#### HOW TO COMPLETE THIS TASK
An exact transcription of all the records below is required, without any images.
====== MATERIALS PROVIDED ======
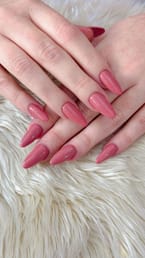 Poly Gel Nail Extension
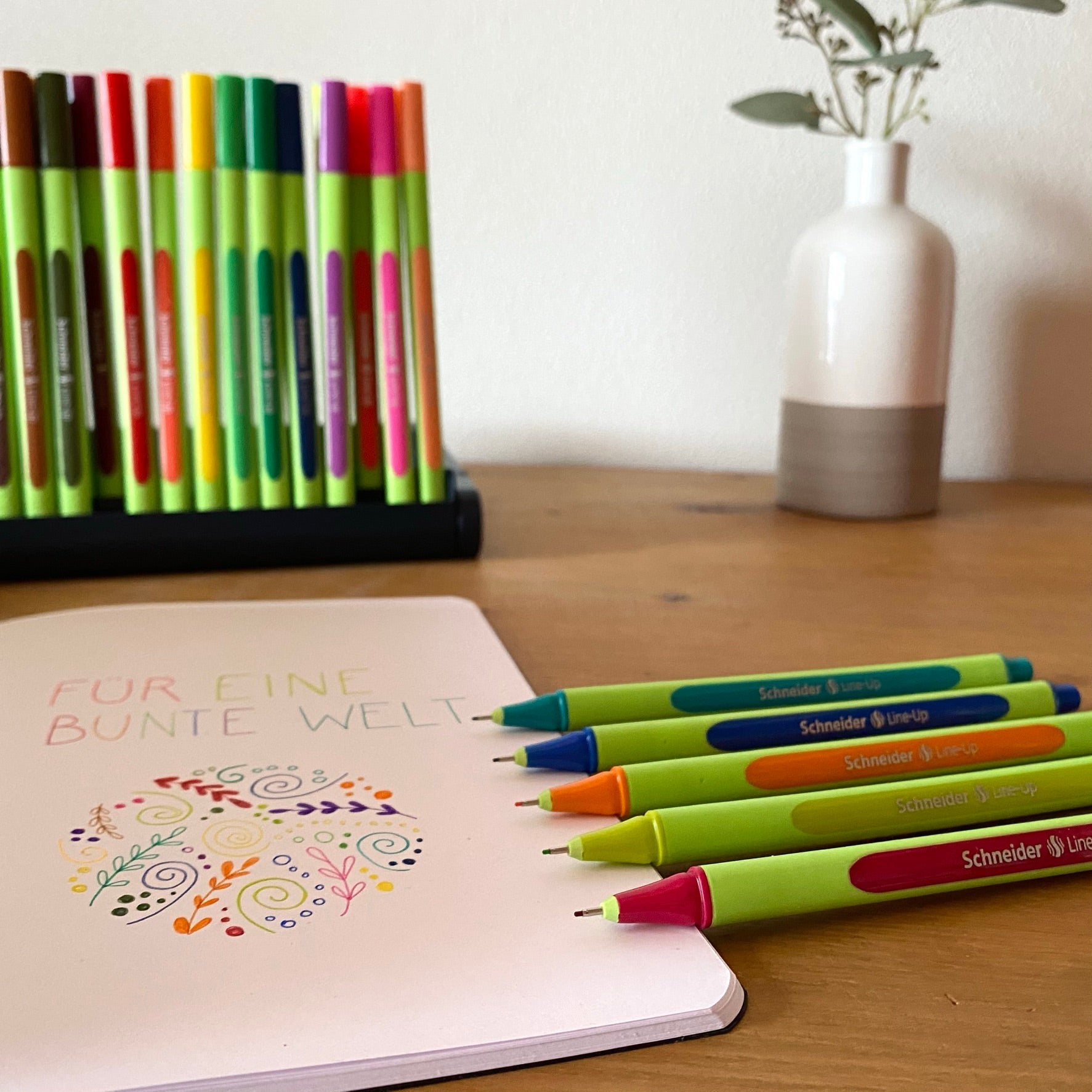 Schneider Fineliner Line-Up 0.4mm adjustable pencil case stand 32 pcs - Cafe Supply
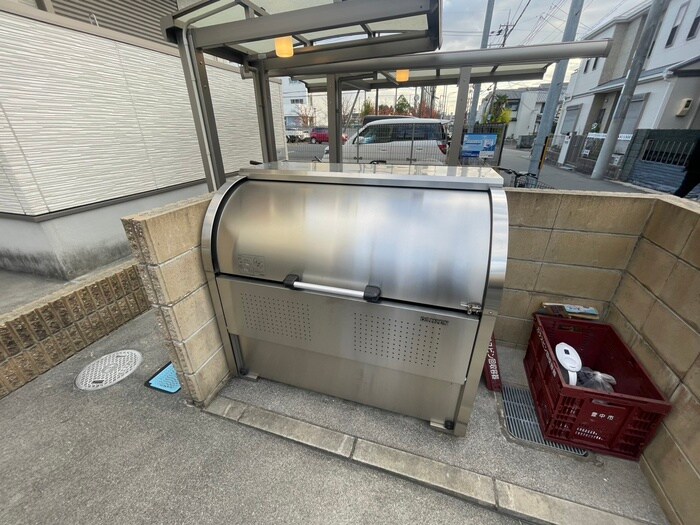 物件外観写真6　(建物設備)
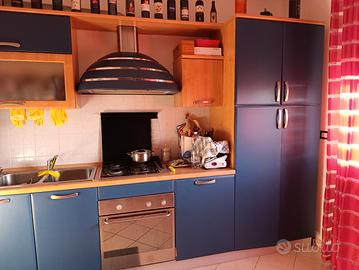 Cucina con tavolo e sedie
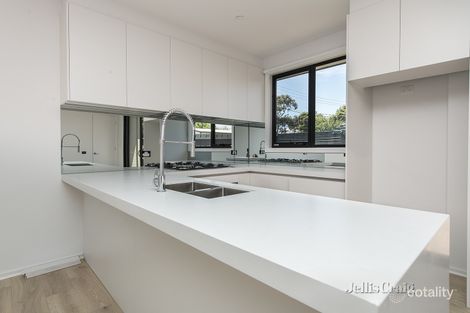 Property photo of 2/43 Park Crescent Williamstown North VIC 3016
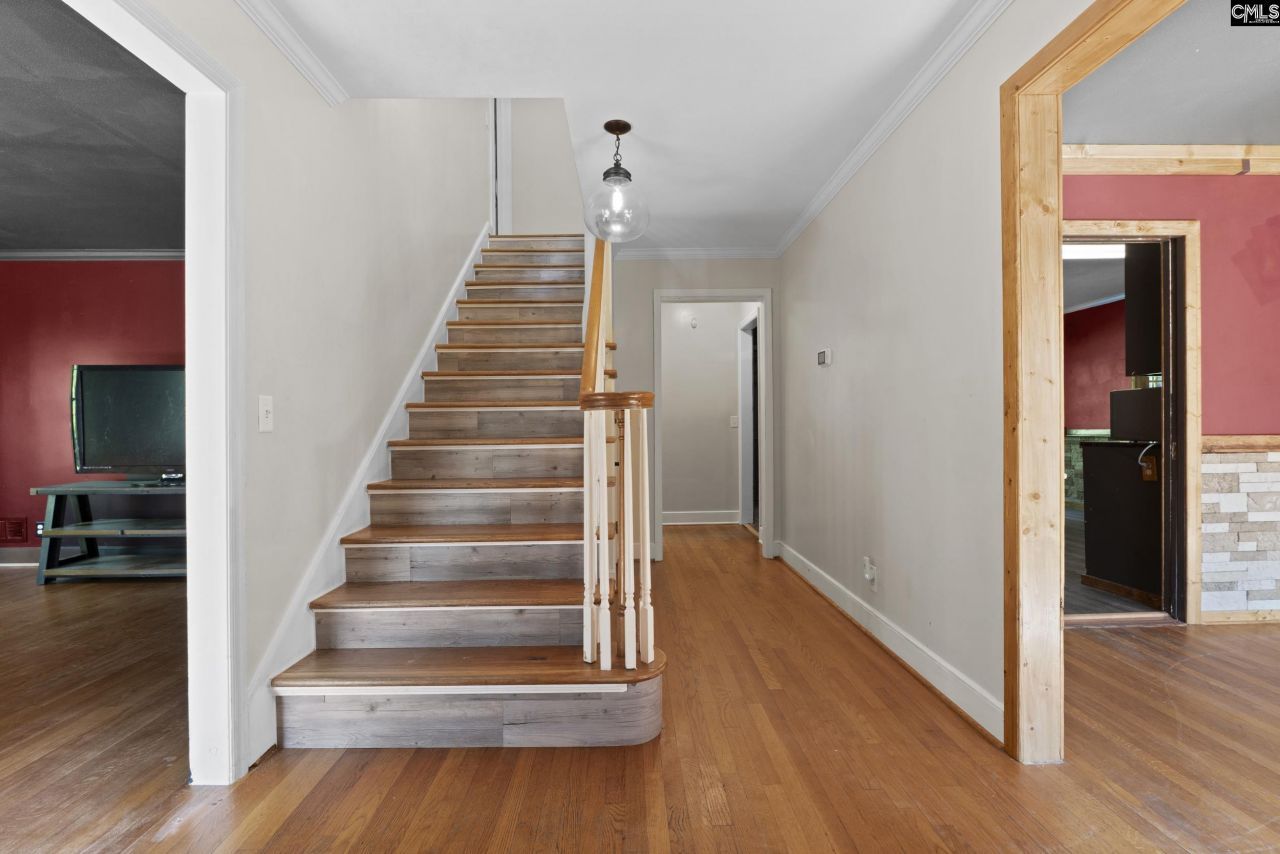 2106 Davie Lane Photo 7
======
#### TASK OUTPUT
 Poly Gel Nail Extension
 Schneider Fineliner Line-Up 0.4mm adjustable pencil case stand 32 pcs - Cafe Supply
 物件外観写真6　(建物設備)
 Cucina con tavolo e sedie
 Property photo of 2/43 Park Crescent Williamstown North VIC 3016
 2106 Davie Lane Photo 7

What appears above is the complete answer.